#### [WHAT THIS TASK INVOLVES]
Quote all of the data exactly as given. Skip every picture it contains.

#### [EXTRACTED INFORMATION]
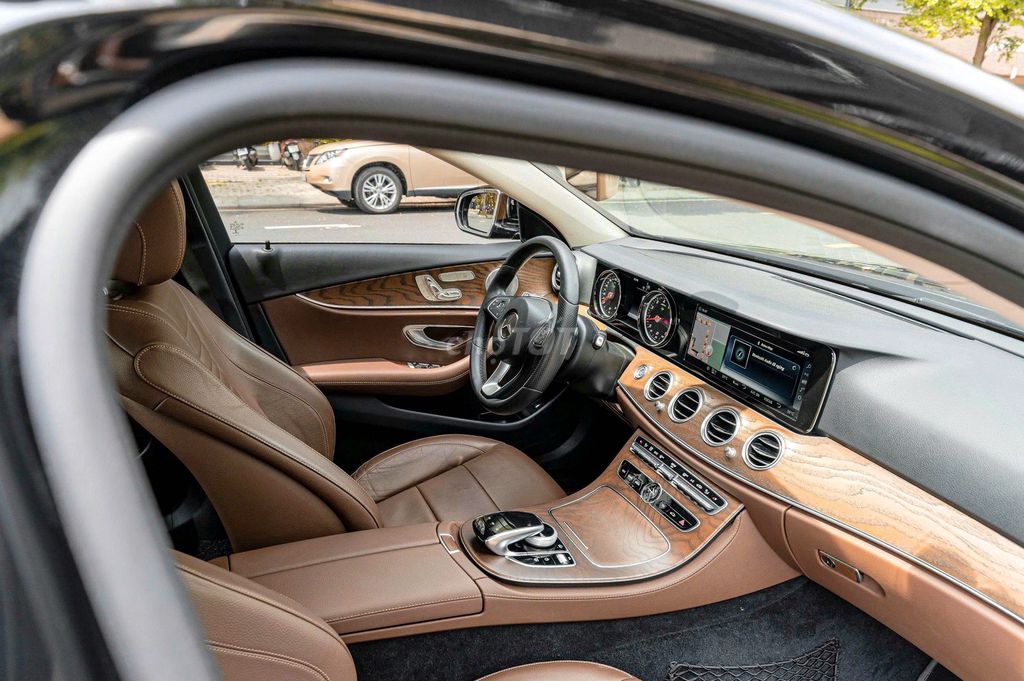 Bán Mẹc E200 Model 2019 đẳng cấp doanh nhân. Mua bán Ô tô tại Quận 7 Tp Hồ Chí Minh được đăng bởi tuấn anh hình 15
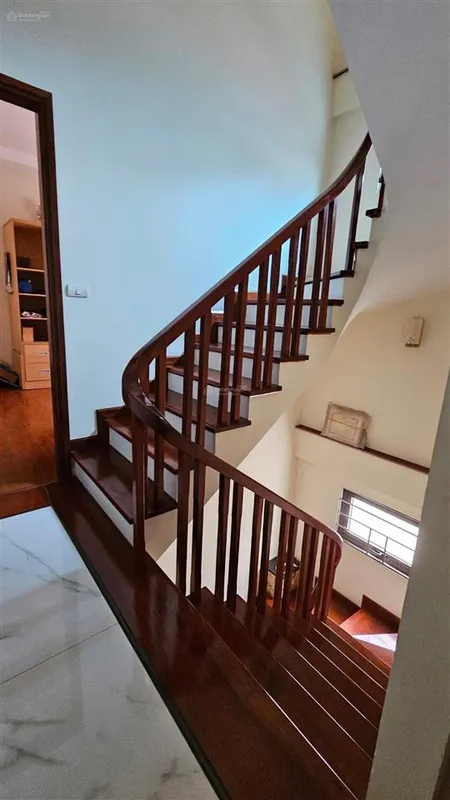 Bán nhà riêng tại trần quốc hoàn diện tích 45m2, 4pn, 4wc, giá 19.7 tỷ, pháp lý đầy đủ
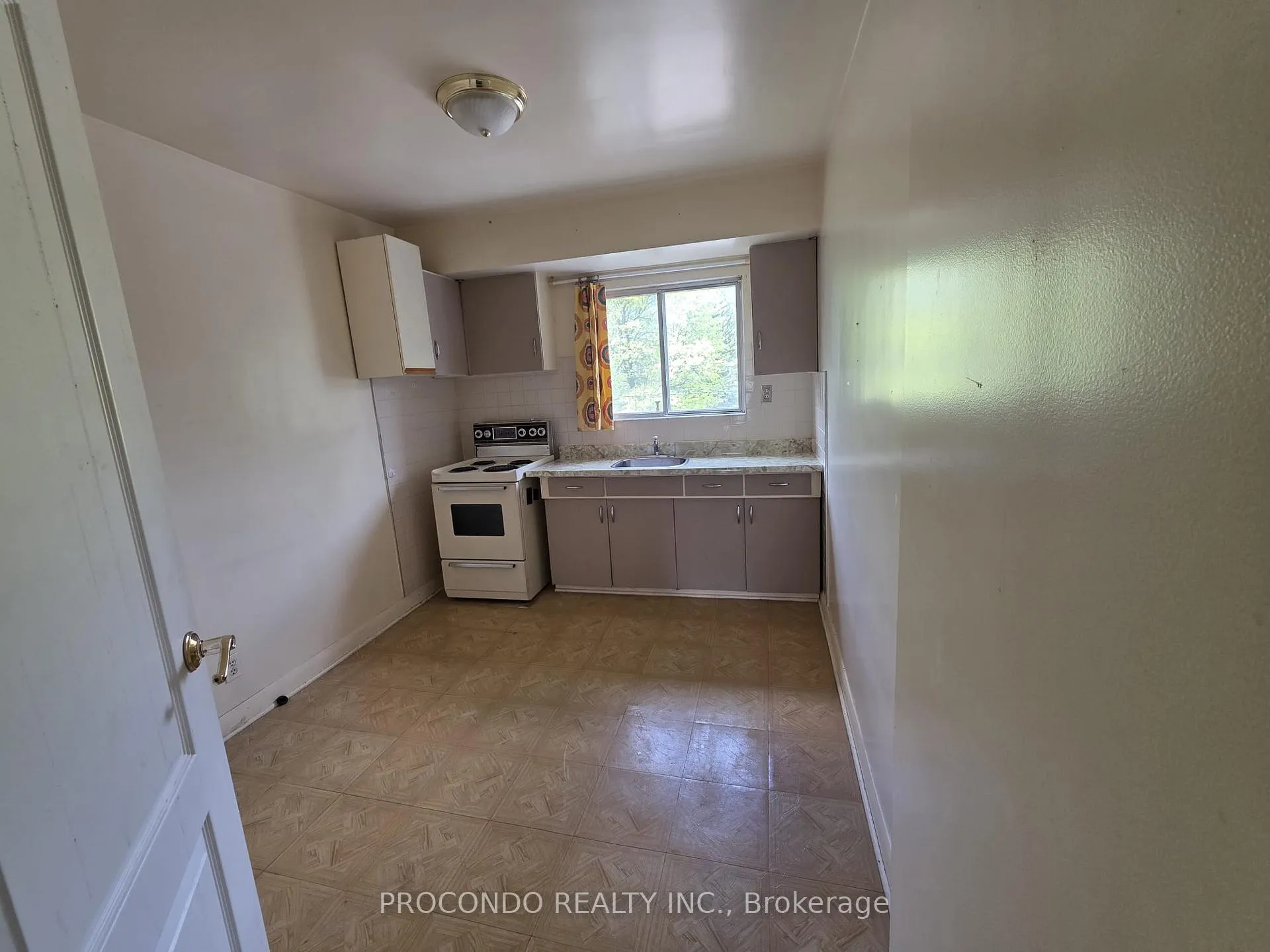 Photo 15 of 286 Harvie Avenue, Toronto, Caledonia-Fairbank — HOMEH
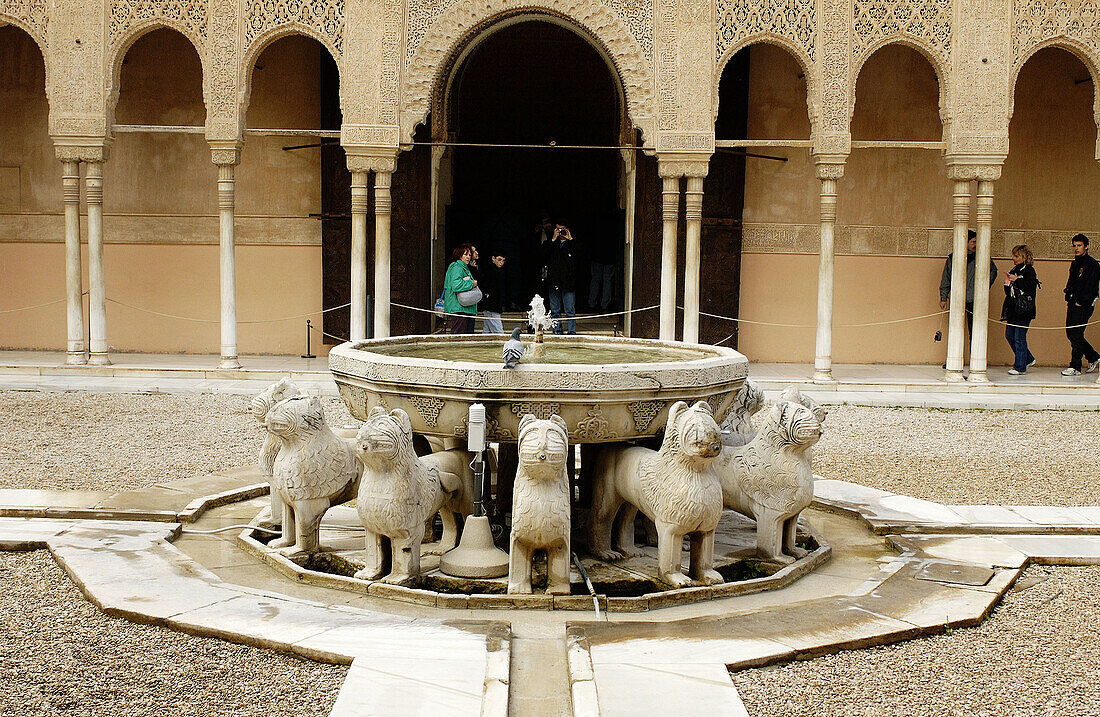 Innenhof der Löwen, Alhambra. Granada. Spanien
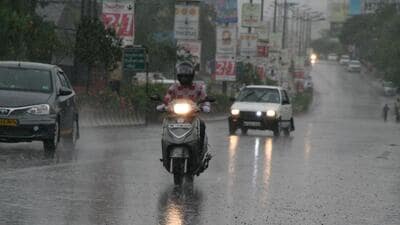 With 112.5 mm rainfall within an hour, Chinchwad area on Sunday evening experienced a cloudburst condition. ((PIC FOR REPRESENTATION)) With 112.5 mm rainfall within an hour, Chinchwad area on Sunday evening experienced a cloudburst condition. ((PIC FOR REPRESENTATION))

#### [OUTPUT FOR THIS TASK]
 Bán Mẹc E200 Model 2019 đẳng cấp doanh nhân. Mua bán Ô tô tại Quận 7 Tp Hồ Chí Minh được đăng bởi tuấn anh hình 15
 Bán nhà riêng tại trần quốc hoàn diện tích 45m2, 4pn, 4wc, giá 19.7 tỷ, pháp lý đầy đủ
 Photo 15 of 286 Harvie Avenue, Toronto, Caledonia-Fairbank — HOMEH
 Innenhof der Löwen, Alhambra. Granada. Spanien
 With 112.5 mm rainfall within an hour, Chinchwad area on Sunday evening experienced a cloudburst condition. ((PIC FOR REPRESENTATION)) With 112.5 mm rainfall within an hour, Chinchwad area on Sunday evening experienced a cloudburst condition. ((PIC FOR REPRESENTATION))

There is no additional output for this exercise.